In some cases, it appears that commanders either bought into or were “troop led” to accept intelligence analysis that did not bear out as fact. In others, commanders clung too long to strategies that clearly were not achieving the intended outcome. The greatest example of the latter was the extended period of a failed conventional force application before Gen. David Petraeus’ counterinsurgency approach was undertaken with transitory success.
Since the beginning of U.S. operations in Afghanistan and Iraq, both our intervention in Libya and our non-intervention after declaring redlines in Syria offer still more concerning commentary on our strategic calculus. In Libya, we were willing to bomb but not to invade, begetting civil war in the wake of operational success. Still worse, in Syria, expansive declaratory policy backed by no action at all has bred a catastrophic civil war, a humanitarian disaster, and a country in free fall, spewing instability, refugees, and extremism over the entire region and beyond.
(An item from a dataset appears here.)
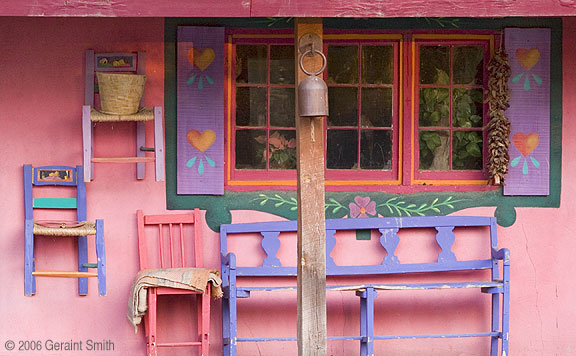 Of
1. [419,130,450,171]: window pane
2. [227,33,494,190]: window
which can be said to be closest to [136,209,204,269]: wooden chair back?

Of course, outcomes are never guaranteed in war, and the day-to-day conduct of combat is subject to “friction” of all kinds. However, the fact that our tactical ability has yielded only spotty strategic outcomes since the Korean conflict ended more than 60 years ago indicates a dire need for a better grasp of strategy and the utility of armed force from our uniformed and civilian leaders. Both our warfighters and a war-weary public deserve better than more tactics without strategy — what Sun Tzu called “the noise before defeat.”
Quality “strategy” is indeed hard, requiring a rigorous, clear-eyed interagency appraisal of reality on the ground and a hard-nosed determination of the ends, ways, and means that will be the foundation of the ultimate strategy. And too often, our efforts in such endeavors just have not measured up. We tend to focus at high levels too much on tactics and operations and not enough on the hard work required to develop the whole of government strategic concepts and plans and to then oversee the execution of those plans. We ought to be able to do better.
Those at home in the United States have had the privilege of distancing ourselves from the realities of war in recent decades. 9/11 was the only significant introduction into the reality of war that we have seen up close and personal within our shores and with engaged non-combatants. Beyond that, war has been something in which others engage.
In that regard, it is good that our national leadership resides within sight of Arlington Cemetery, the wall of the names of those killed in Vietnam, and other memorials to those who have fought and died in our nation’s wars. These reminders of the cost of war should be a constant reminder of the imperative of getting not just the tactics and operations right, but also getting the strategies right. Yes, strategy ranks with the hardest of tasks for our national leadership, but we clearly owe more than we have provided to those who ultimately ruck up and turn policy and strategy into reality on the ground.
Col. (Ret) Keith Nightingale commanded four rifle companies, three Airborne and Ranger Battalions and two brigades. He was a member of the Iran Rescue Task Force and a founding cadre member of the 1-75th Rangers. He had two tours in Vietnam, was an assault force commander in Grenada and had several deployments to the Middle East, Africa and Latin America. He presently acts as a consultant to several Fortune 500 companies on SOF-related issues.